Mis en ligne le 1er mai 2020 Culture

The Wire (Sur écoute), Drame/Policier, États-Unis, 2002, terminée.

5 saisons, 62 épisodes de 58 minutes.

Près de vingt ans après sa sortie, voilà un monument de la série télé qui n’a pas pris une ride. Sous prétexte de suivre la création, puis les enquêtes, d’une brigade spéciale de police qui opère notamment par la mise sur écoute (d’où le nom de la série), c’est en fait une plongée en profondeur dans les eaux saumâtres de Baltimore, une ville en perdition. Car le personnage principal de la série est bien la ville de Baltimore, prise dans les méandres de la désindustrialisation et du chômage de masse, qui charrient leur lot de trafics en tout genre, de criminalité de rue ou de grand banditisme. Les riches ayant littéralement fui ou s’étant réfugiés dans les quartiers huppés du nord, la population s’est effondrée, d’un million en 1950 à 600 000 de nos jours. Ne restent que les laissés-pour-compte, dont une majorité d’Afro-américains, et un quart d’habitants sous le seuil de pauvreté.

Une des grandes réussites de la série est de nous donner à voir, dans chacune de ses cinq saisons, des strates différentes de cette société urbaine en décomposition. La première saison se concentre sur le trafic de drogue dans les quartiers ouest, l’emprise de ce commerce prospère sur les gamins désœuvrés et autres marginaux, et la guerre sans fin que mène une institution policière où les flics intègres se font aussi rares, à mesure que l’on monte dans la hiérarchie, que les enquêtes résolues. Dès la deuxième saison, on est transporté de l’autre côté de la ville, sur les quais en berne du port industriel autrefois florissant où la contrebande est désormais l’activité la plus lucrative. La suite de la série explore les cercles du pouvoir politique et médiatique, en passant aussi par le système éducatif.

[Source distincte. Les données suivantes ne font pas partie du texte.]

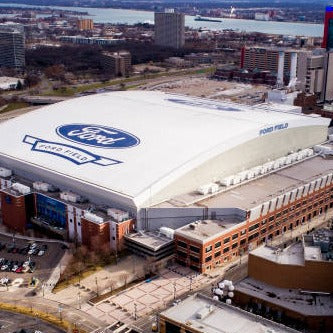 3D-Printed Detroit Lions Ford Field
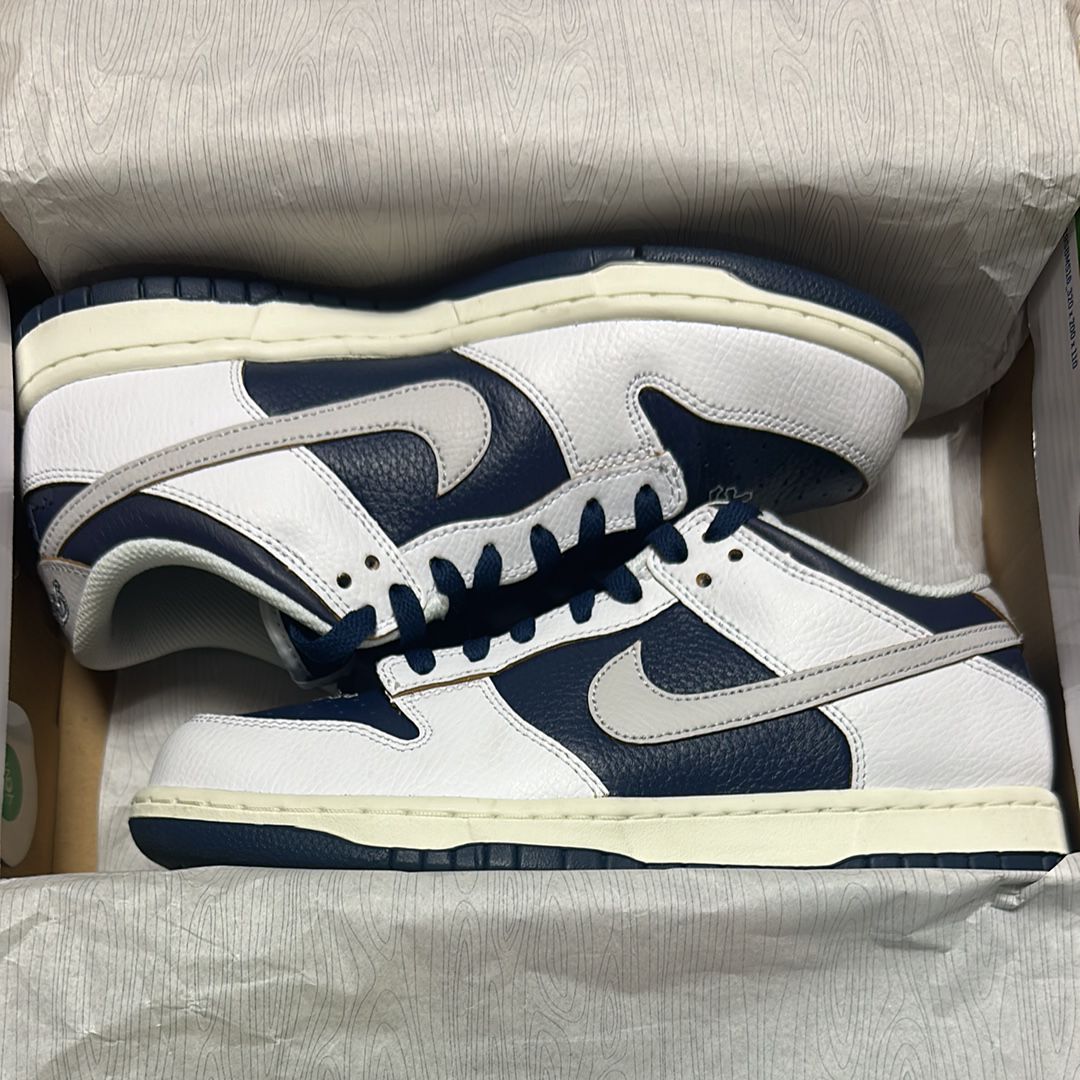 HUF × Nike SB Dunk Low "New York"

Mais ce qui érige The Wire au rang de monument, c’est sa finesse d’écriture et la pertinence du ton adopté pour raconter la ville. On pourrait qualifier la série d’œuvre naturaliste dans la lignée de Zola, tant elle est guidée par un souci presque documentaire de raconter des trajectoires et des conditions sociales pour ce qu’elles sont. À noter que le créateur de la série, David Simon, a écrit un ouvrage intitulé Baltimore sur son immersion dans la police de la ville, et que l’un des scénaristes est George Pelecanos, auteur d’excellents romans policiers.

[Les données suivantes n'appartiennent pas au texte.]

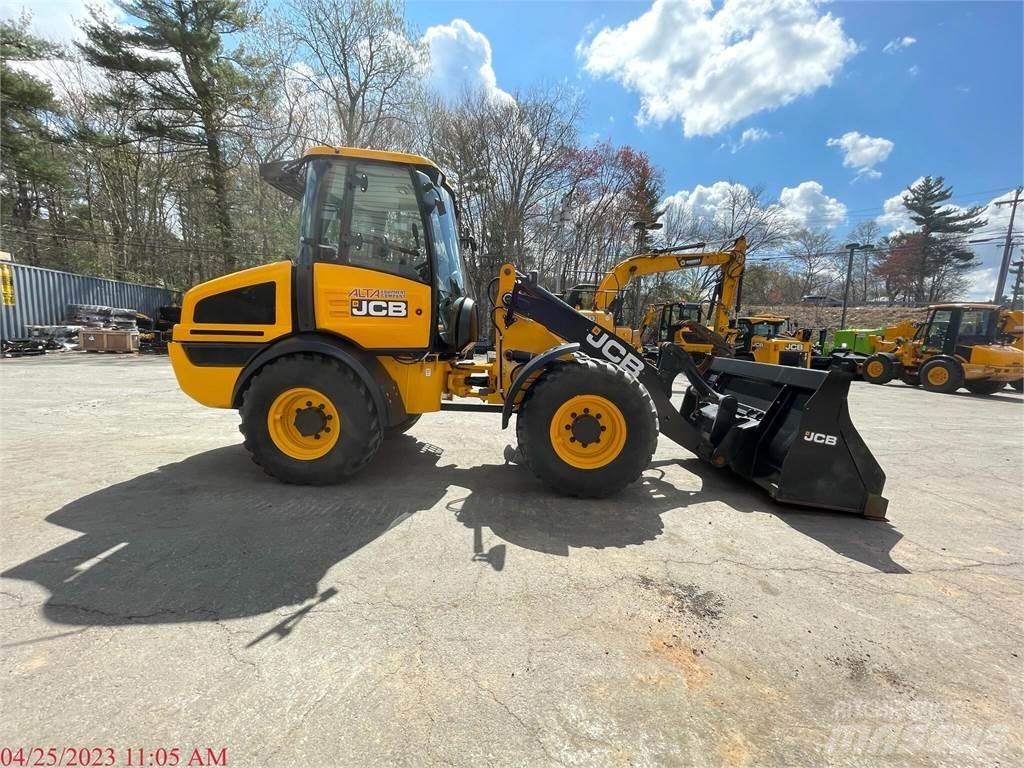 JCB 409 Колесни товарачи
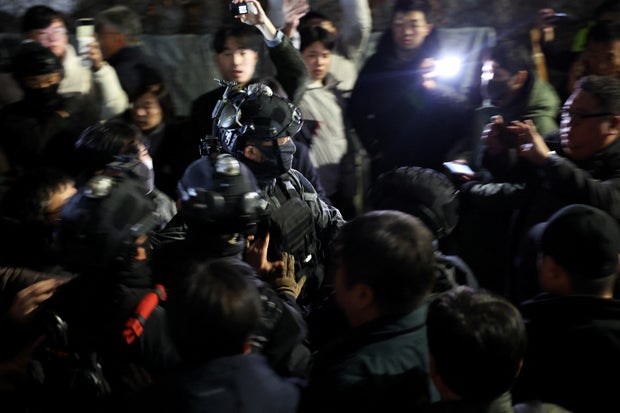 South Korean President Yoon Suk Yeol declares martial law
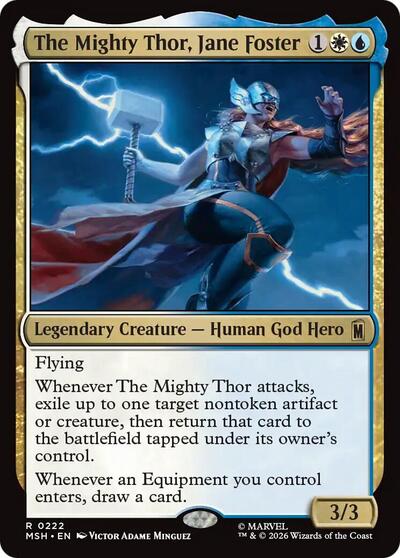 The Mighty Thor  Jane Foster|0|0|0.00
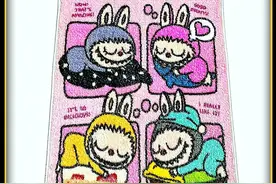 沉浸式清洗一张拉布布地毯 #清洗地毯 #解压助眠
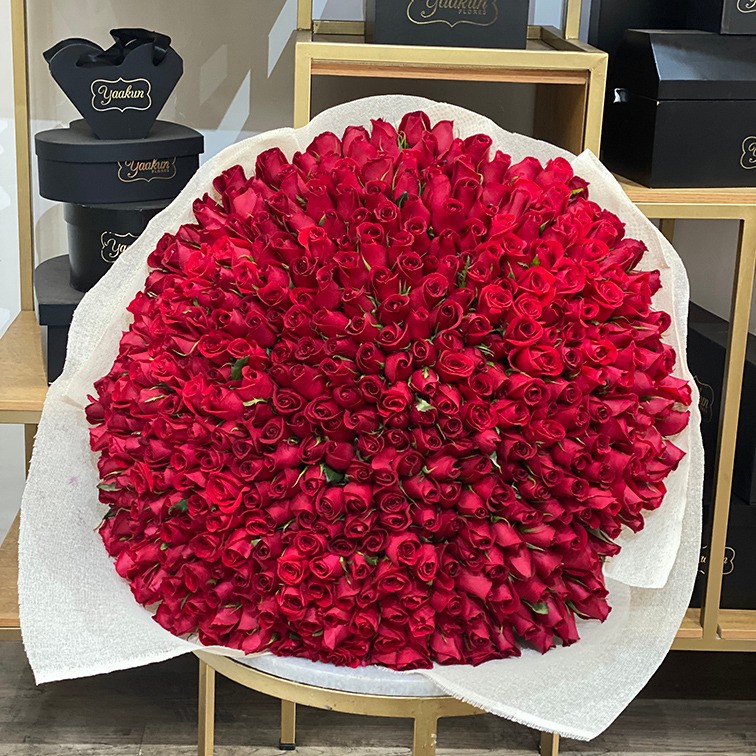 Ramo de 500 rosas amor mío | Yaakun Flores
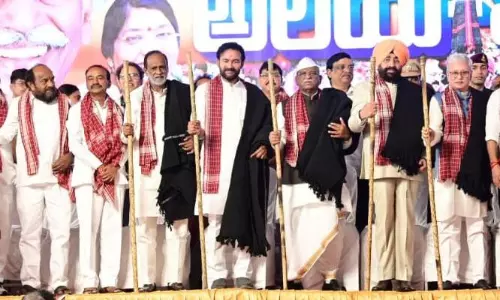 Kishan Reddy, Etala Ask Political Leaders to Mind their Language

La narration est faite par le biais de personnages désespérément humains, dont les choix sont toujours confrontés aux circonstances dans lesquelles ils évoluent. Les auteurs parviennent à ne jamais tomber ni dans le manichéisme, ni dans le voyeurisme sociologique. Ils nous font éprouver une profonde empathie pour cette humanité en déshérence, ces gens qui font ce qu’ils peuvent, jusqu’aux pires salauds dont on est déchiré de comprendre de trop près les motivations ; le tout, malgré une réalisation d’une sobriété parfois presque ennuyeuse, mais servie par la bande son discrète dont chaque morceau est une pépite, dès le générique de la première saison. En tout cas, si « les seules œuvres grandes et morales sont les œuvres de vérité », The Wire compte parmi celles-là.